I have had some recent issues with the primer not always firing. I tried changing primer brands, but still have some intermittent misfires. The primers that do not fire, appear to have just the smallest dent in it, like the arm isnt hitting it hard enough. Is there a brand that works really well? I have had the worst luck with Remington.
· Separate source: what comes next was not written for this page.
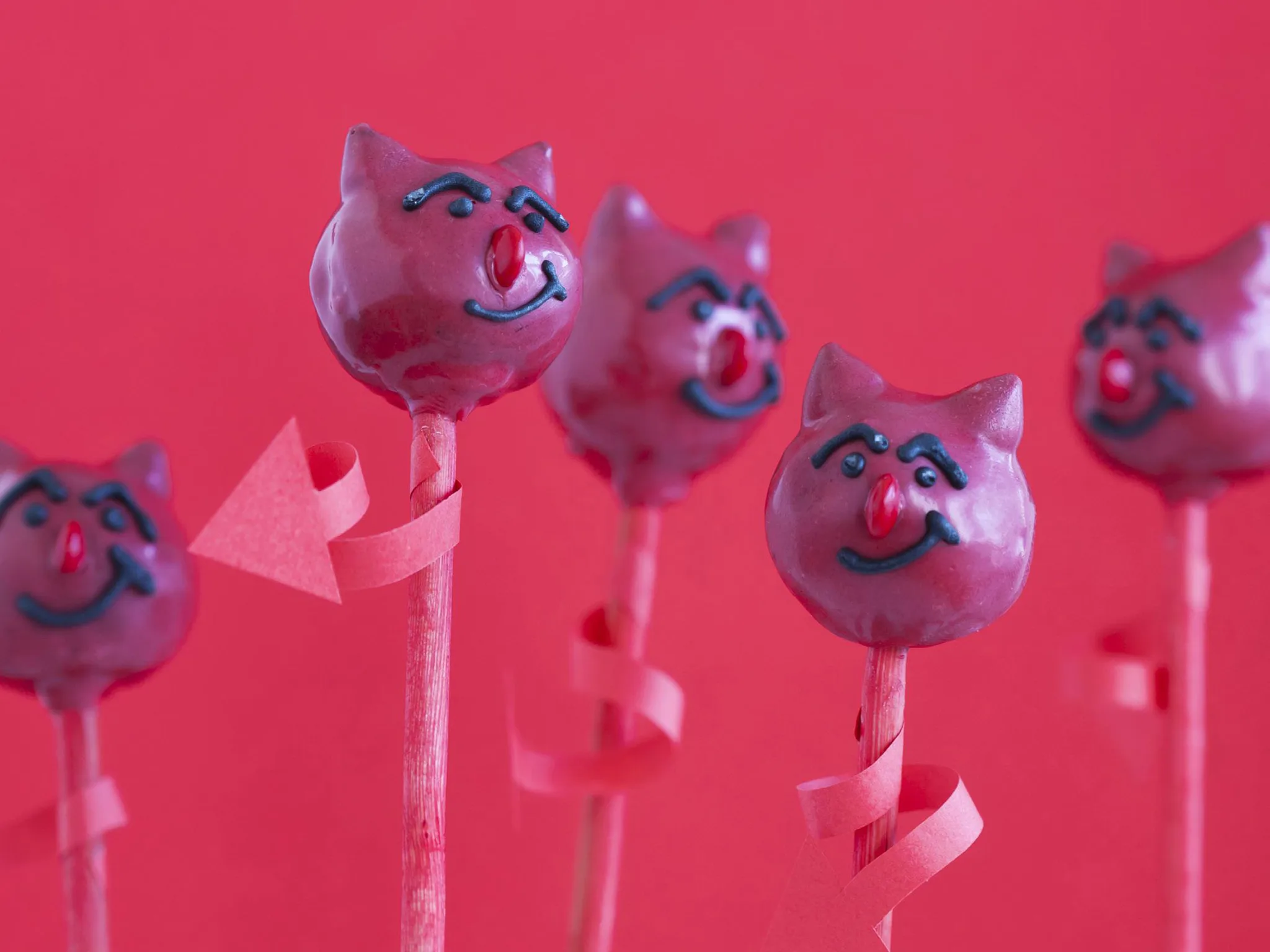 Hallowee LITTLE DEVILS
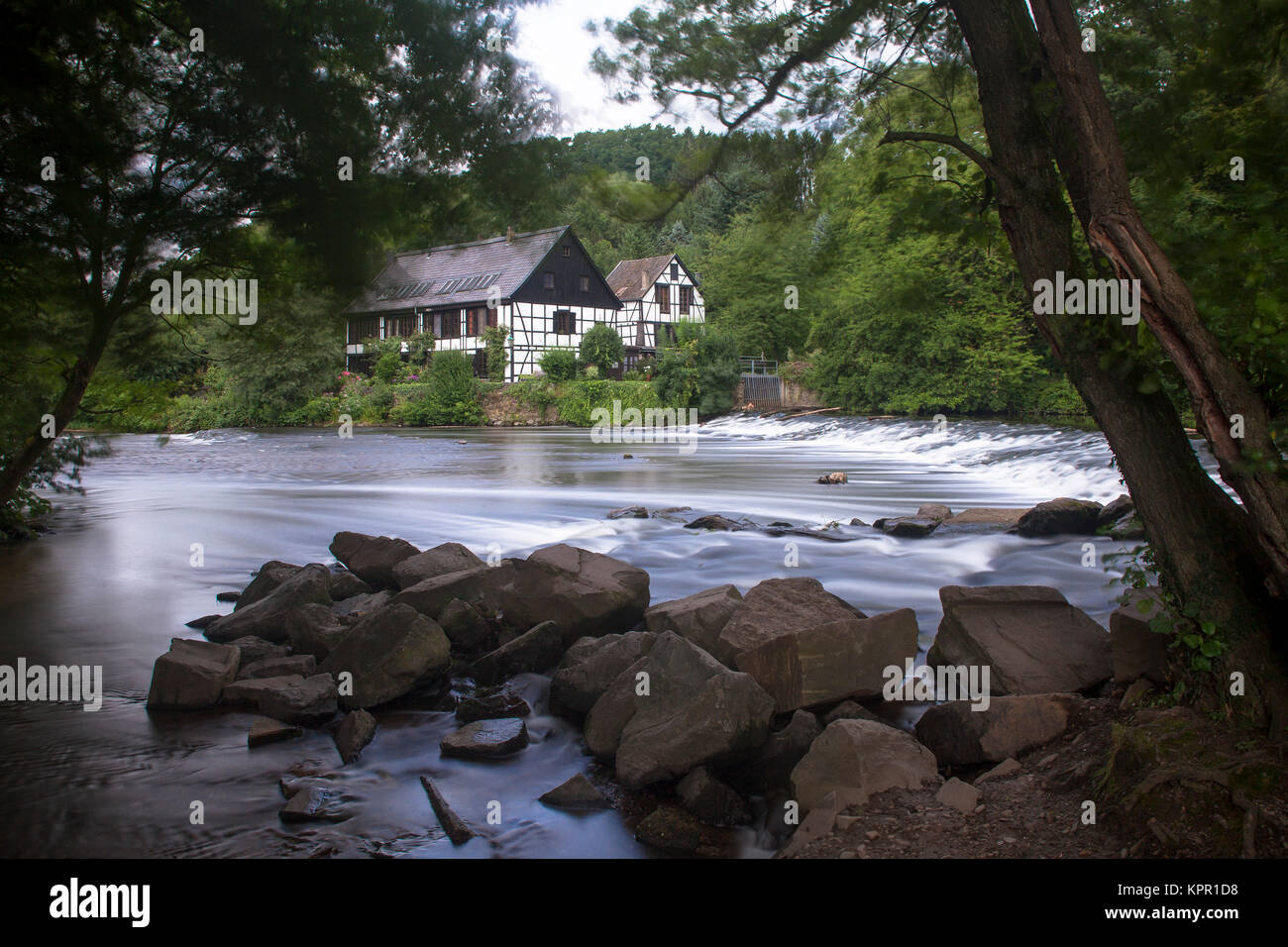 L'Europe, l'Allemagne, la région de Bergisches Land, Solingen, le Wipperkotten à la rivière Wupper. Europa, Deutschland, région du Bergisches Land, Solingen, der le Wipp Banque D'Images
Today I had 3 misfires out of about 10 launches. 

Thanks

Teri Jakob


----------



## Kirk D (Apr 3, 2005)

I am having the same problem. I got the new releases but the primers only fire about half the time. Looks like the primers are being hit on the side and not in the middle.


----------



## lablover (Dec 17, 2003)

I use CCI primers in my GU SOG model.
Are you making sure the ring on the pouch is properly positioned on the red mark of the arm that fires the primer?
Is anything bent?


----------



## Gunners Up (Jul 29, 2004)

*Release*

Teri,

Does your release look like this one? Note the "Humped" back on the lever arm.










Thanks,

Richard Davis
Gunners Up


----------



## JBlack (Sep 17, 2003)

I too have the same problem some times. My release does not have the "humped back"...its much smaller and "flat." We may have the ame release.


----------



## Teri (Jun 25, 2003)

I, too, have the a different release arm--the arm has a short, flat elevated portion where the big hump is on the pictured release. 
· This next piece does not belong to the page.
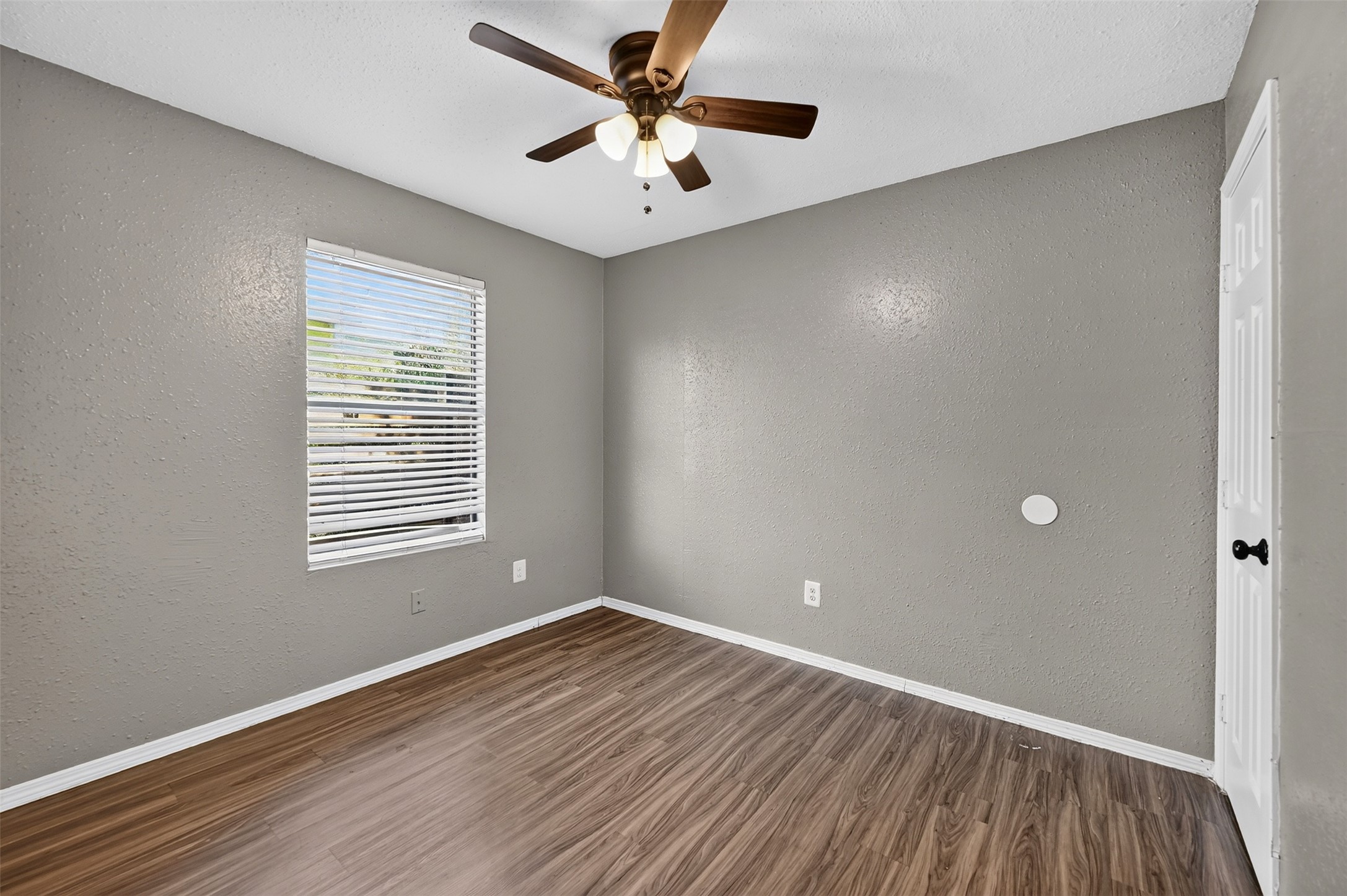 1207 Eleanor Street, Unit A Austin, TX 78721 - Photo 12 of 18 Gallery Image 12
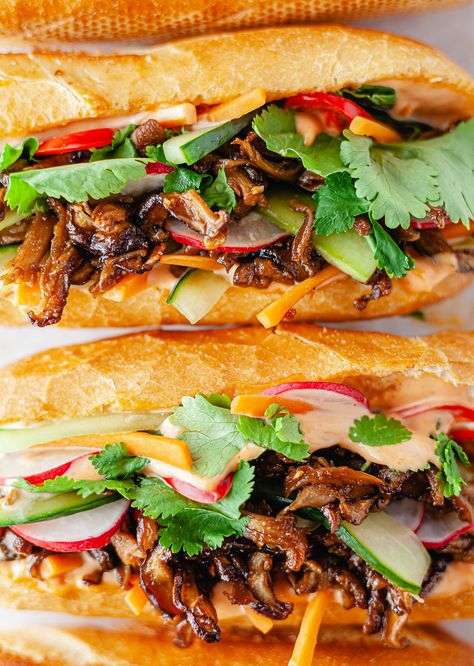 Veggie Bahn Mi Sandwich, Mushroom Banh Mi, Vegetarian Sous Vide Recipes, Vegetarian Cafe Food, Vegan Ban Mi, Bahn Mi Vegan, Vegetarian Bahn Mi Sandwich, Vegetarian Banh Mi, Vegan Banh Mi Sandwich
Rich, Congrats on Pink's success--I had the litter for 2 weeks at my place getting them swimming and helping with socialization; then raised 'player' til she went to Clints. Wish I had gotten one of those pups for myself.

Teri Jakob


----------



## JBlack (Sep 17, 2003)

Exactly right...the part that strikes the primer is on the right side of the arm. I am very happy with the throws and usually just put that winger as the "go bird."


----------



## Gunners Up (Jul 29, 2004)

*Release*

About a year ago we made a modification to the "Release" arm to improve the performance of the primer fire and now it fires 100% of the time. Also, more times than not, the spent primer is ejected upon release. 
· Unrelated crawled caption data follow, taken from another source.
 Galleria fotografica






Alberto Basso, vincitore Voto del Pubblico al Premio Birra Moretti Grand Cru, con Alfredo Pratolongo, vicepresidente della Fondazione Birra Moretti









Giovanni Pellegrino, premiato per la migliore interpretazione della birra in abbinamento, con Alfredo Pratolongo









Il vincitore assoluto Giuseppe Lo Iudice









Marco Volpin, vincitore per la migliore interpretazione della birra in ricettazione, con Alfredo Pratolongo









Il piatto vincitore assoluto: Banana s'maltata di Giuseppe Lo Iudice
As we reach the "Off" season for trials and Hunt Tests if you can send me the release I will modify for you and send back. If you have any questions please feel free to give us a call @ 888-530-4441. Let Brittany know you are calling for Gunners Up and would like to speak to Jerry. We'll get it taken care of. Turn around time is about 24 hours from the time we recieve it.

Thanks Teri! Pink is a special girl. When I contacted Mary there was only one pup left and that was Pink. I did the obediance, and FF with her but started having some issues with her (I was pushing to hard) but knew she was to special so I sought professional help at once. Joseph McCann @ RockErin has done a great job with her. Hopefully we can get her on the Derby list this year. 

Thanks,

Richrd Davis
Gunners Up


----------



## badbullgator (Dec 20, 2004)

The new arms do fire 100% of the time with pretty much any brand of primers.


----------



## Teri (Jun 25, 2003)

Thanks Richard. 
Do I need to send in just the releaase arm? 

It has never failed to throw a mark...but the lack of a pop can be frustrating. 

Teri


----------



## Gunners Up (Jul 29, 2004)

Teri, 

I will need you to send the casting (aluminum housing that holds release arm & servo) . We will put on a new arm but we will also need to drill a new hole for the primer. Instead of the arm needing to travel 180 degrees to hit the primer, it only travels 90 degrees so the primer has to be closer to the folcrum. 

Call me if you have any questions. 

Thanks, 

Richard Davis


----------



## JBlack (Sep 17, 2003)

Thanks Richard!!


----------